---- DATA LISTING

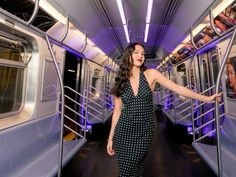 a woman in a black and white polka dot dress standing on a subway train with her arms out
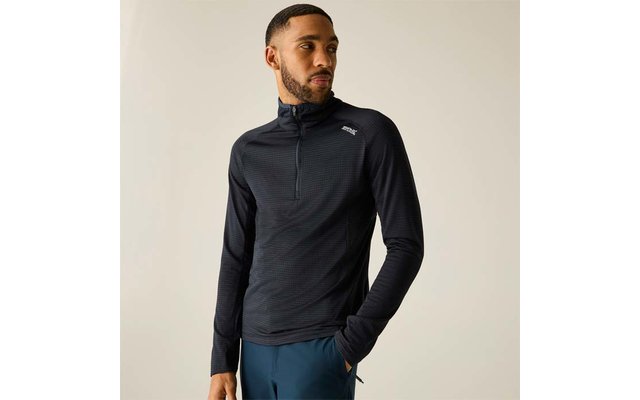 Personne portant un haut noir à manches longues avec une fermeture éclair courte et petit logo blanc sur la poitrine, pantalon bleu, debout sur fond clair et regardant vers la droite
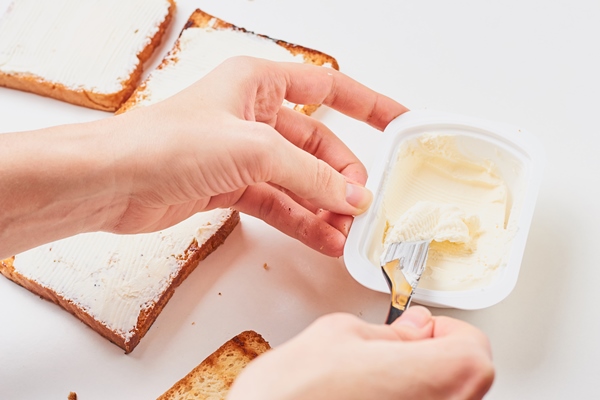 woman hand make sandwich spred toasted bread with a cheese - Консервирование пищевых продуктов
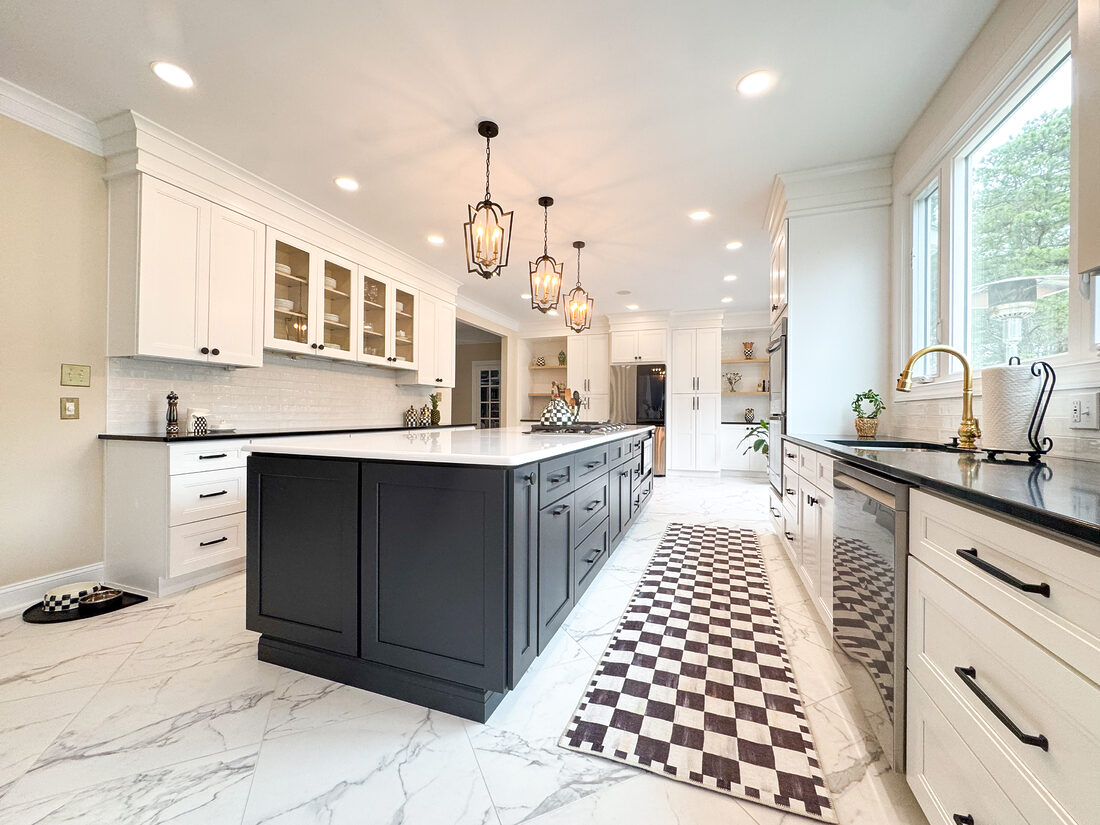 Custom white shaker kitchen cabinets with glass-front upper cabinets, black countertops, white subway tile backsplash, and matte black hardware in a bright modern kitchen remodel.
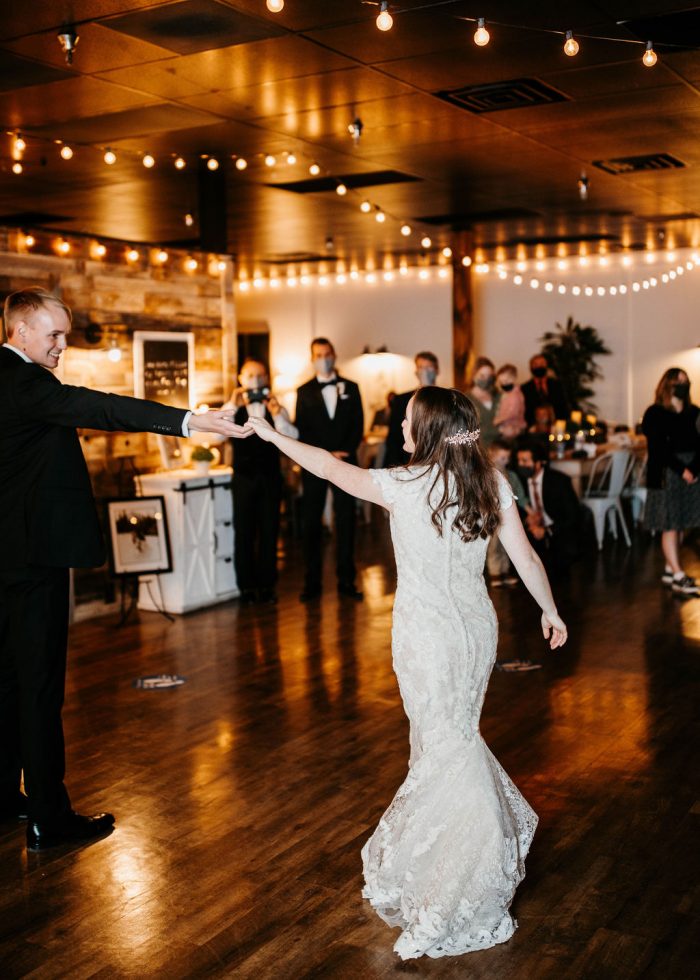 Bride and Groom Dancing during Choreographed First Dance at Rustic Chic Wedding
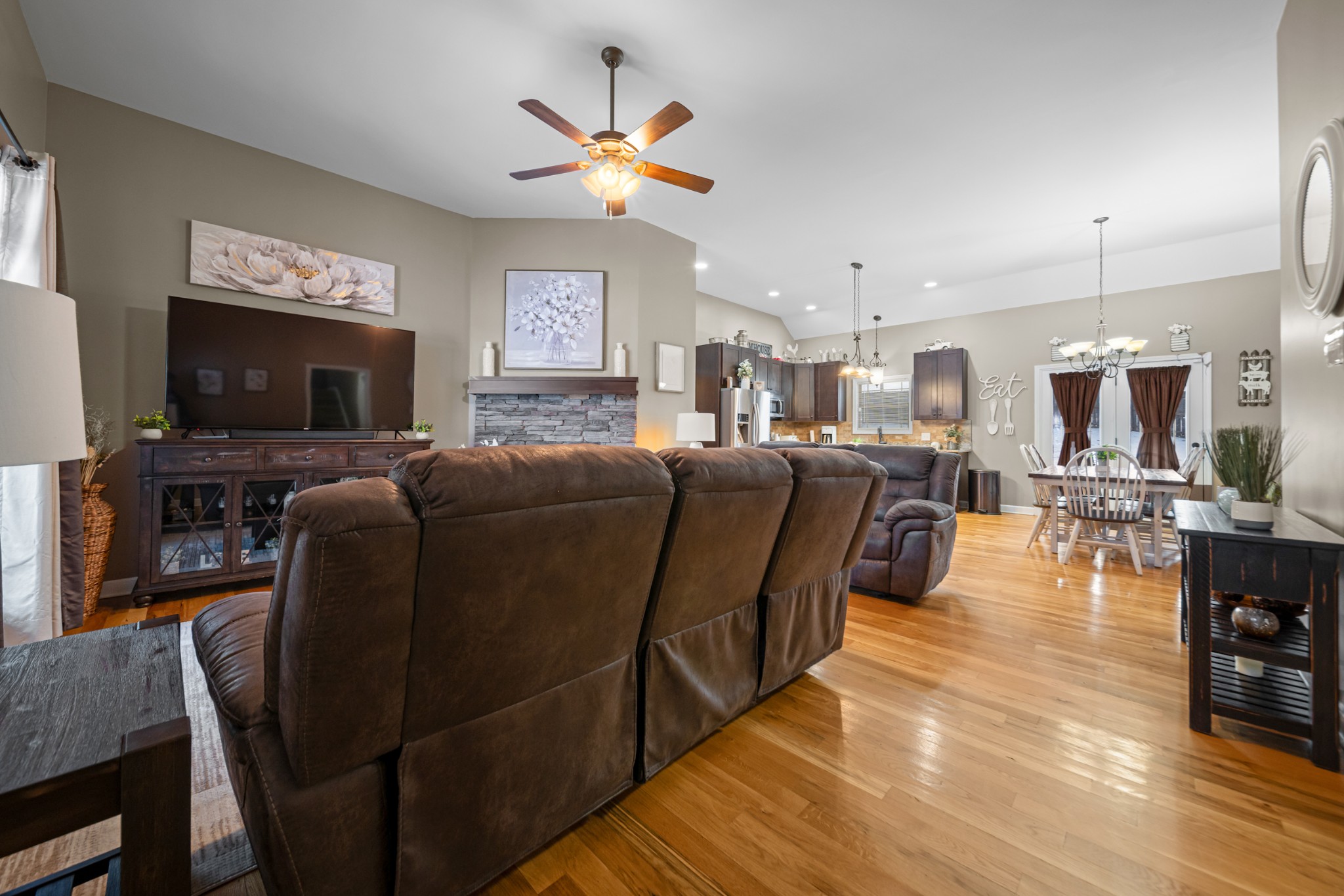 1934 Hygeia Road Greenbrier, TN 37073 - Photo 7 of 36 a living room with furniture flat screen tv and kitchen view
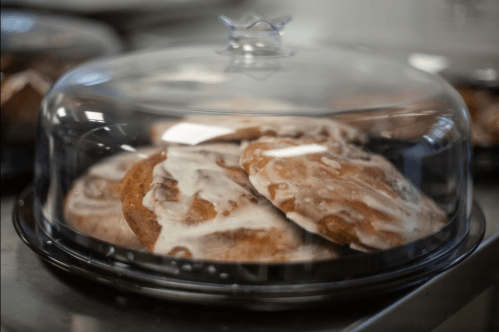 A glass cloche covers a plate of frosted cookies, showcasing their soft texture and sweet glaze.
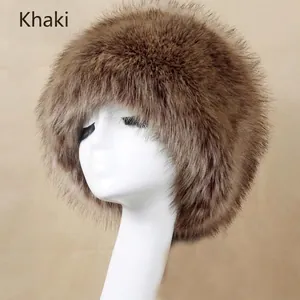 Detail of khaki brown faux fur hat featuring thick plush texture for winter warmth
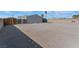 Large gravel backyard with wood fence and gate at 3446 Cactus Springs Dr, Las Vegas, NV 89115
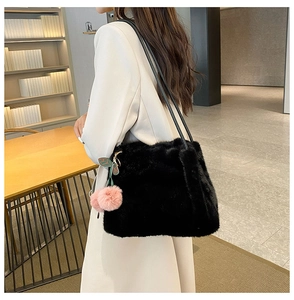 Dettaglio della borsa tote in peluche nera con ciondolo a ciliegia rosa su donna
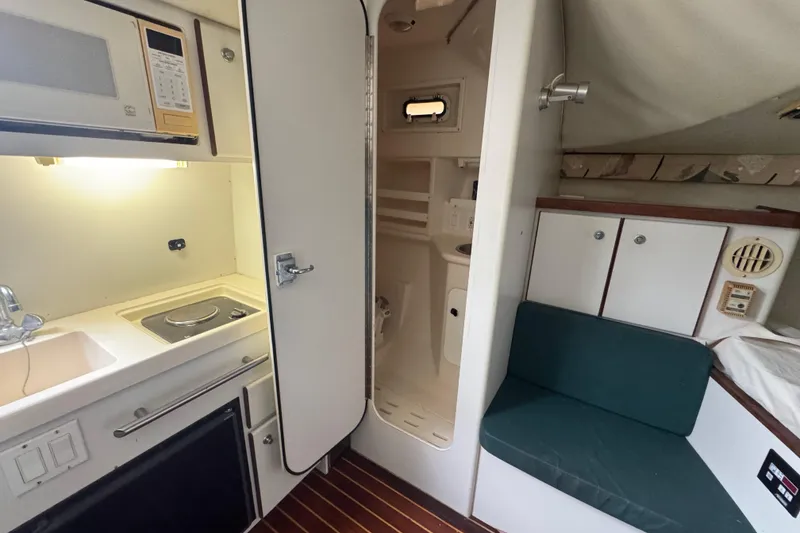 Slide: The Image of 1995 Pursuit 3000 Express cabin interior with kitchenette and seating area. - 27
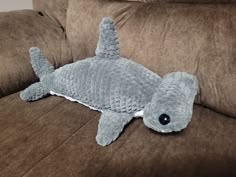 a stuffed shark laying on top of a couch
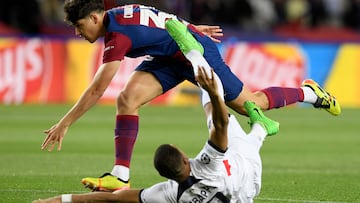 Barcelona's Spanish defender #33 Pau Cubarsi (Top) fights for the ball with Paris Saint-Germain's French forward #07 Kylian Mbappe during the UEFA Champions League quarter-final second leg football match between FC Barcelona and Paris SG at the Estadi Olimpic Lluis Companys in Barcelona on April 16, 2024. (Photo by Josep LAGO / AFP)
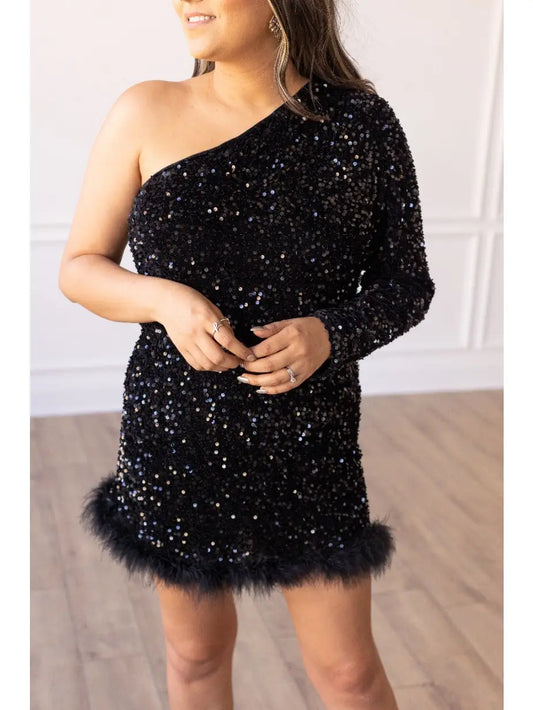 One-Shoulder Sequin Mini Dress. Featuring a fitted silhouette, dazzling black sequins, and a chic one-shoulder design.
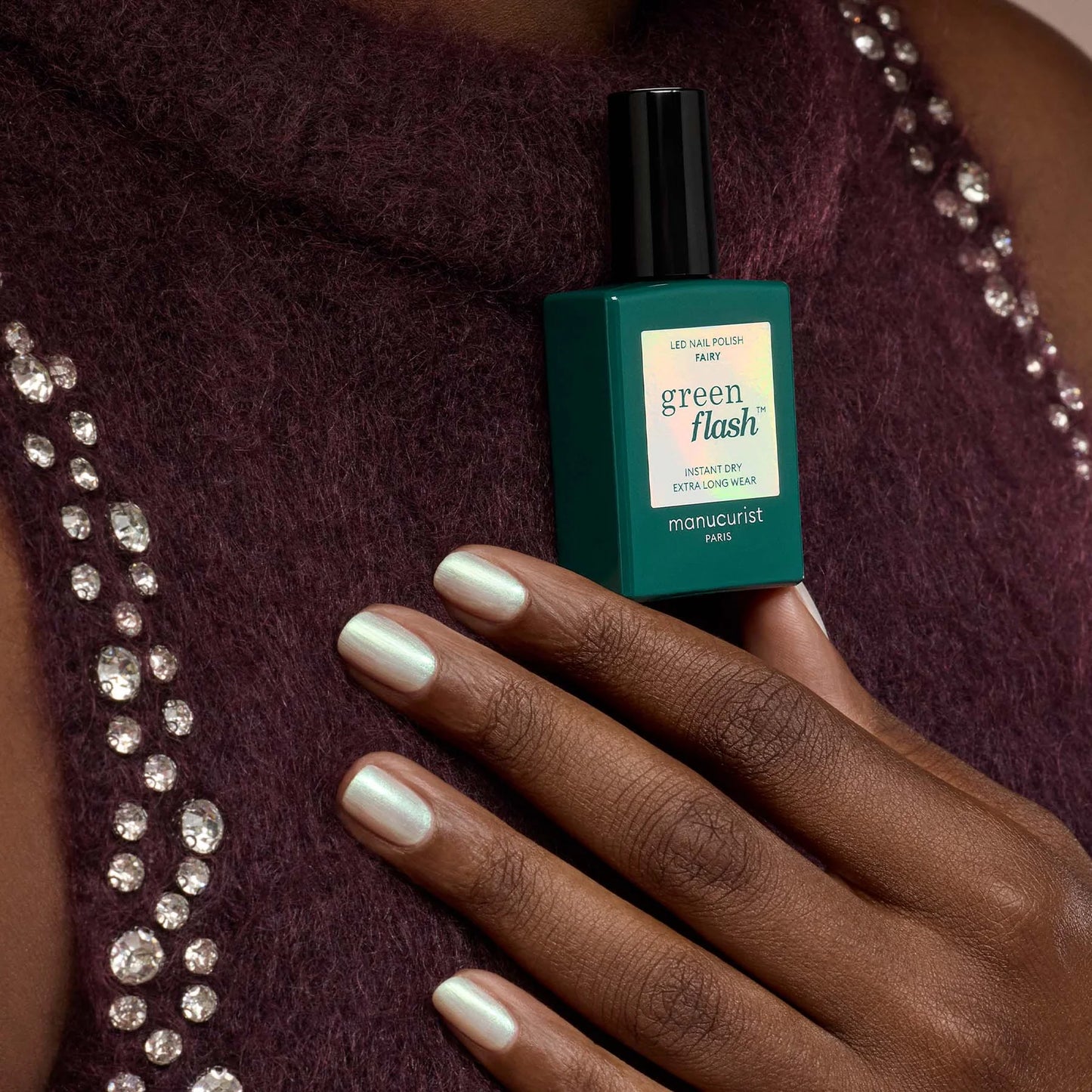 Green Flash nail polish bottle held by a hand against a textured fabric background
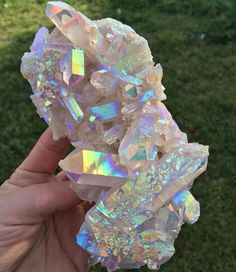 a person holding some kind of crystal rock in their hand with grass behind it on the other side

--------

● YOUR TASK
Please reproduce the entries above line by line, exactly, leaving out each image.

● ANSWER FOR THIS EXERCISE
 a woman in a black and white polka dot dress standing on a subway train with her arms out
 Personne portant un haut noir à manches longues avec une fermeture éclair courte et petit logo blanc sur la poitrine, pantalon bleu, debout sur fond clair et regardant vers la droite
 woman hand make sandwich spred toasted bread with a cheese - Консервирование пищевых продуктов
 Custom white shaker kitchen cabinets with glass-front upper cabinets, black countertops, white subway tile backsplash, and matte black hardware in a bright modern kitchen remodel.
 Bride and Groom Dancing during Choreographed First Dance at Rustic Chic Wedding
 1934 Hygeia Road Greenbrier, TN 37073 - Photo 7 of 36 a living room with furniture flat screen tv and kitchen view
 A glass cloche covers a plate of frosted cookies, showcasing their soft texture and sweet glaze.
 Detail of khaki brown faux fur hat featuring thick plush texture for winter warmth
 Large gravel backyard with wood fence and gate at 3446 Cactus Springs Dr, Las Vegas, NV 89115
 Dettaglio della borsa tote in peluche nera con ciondolo a ciliegia rosa su donna
 Slide: The Image of 1995 Pursuit 3000 Express cabin interior with kitchenette and seating area. - 27
 a stuffed shark laying on top of a couch
 Barcelona's Spanish defender #33 Pau Cubarsi (Top) fights for the ball with Paris Saint-Germain's French forward #07 Kylian Mbappe during the UEFA Champions League quarter-final second leg football match between FC Barcelona and Paris SG at the Estadi Olimpic Lluis Companys in Barcelona on April 16, 2024. (Photo by Josep LAGO / AFP)
 One-Shoulder Sequin Mini Dress. Featuring a fitted silhouette, dazzling black sequins, and a chic one-shoulder design.
 Green Flash nail polish bottle held by a hand against a textured fabric background
 a person holding some kind of crystal rock in their hand with grass behind it on the other side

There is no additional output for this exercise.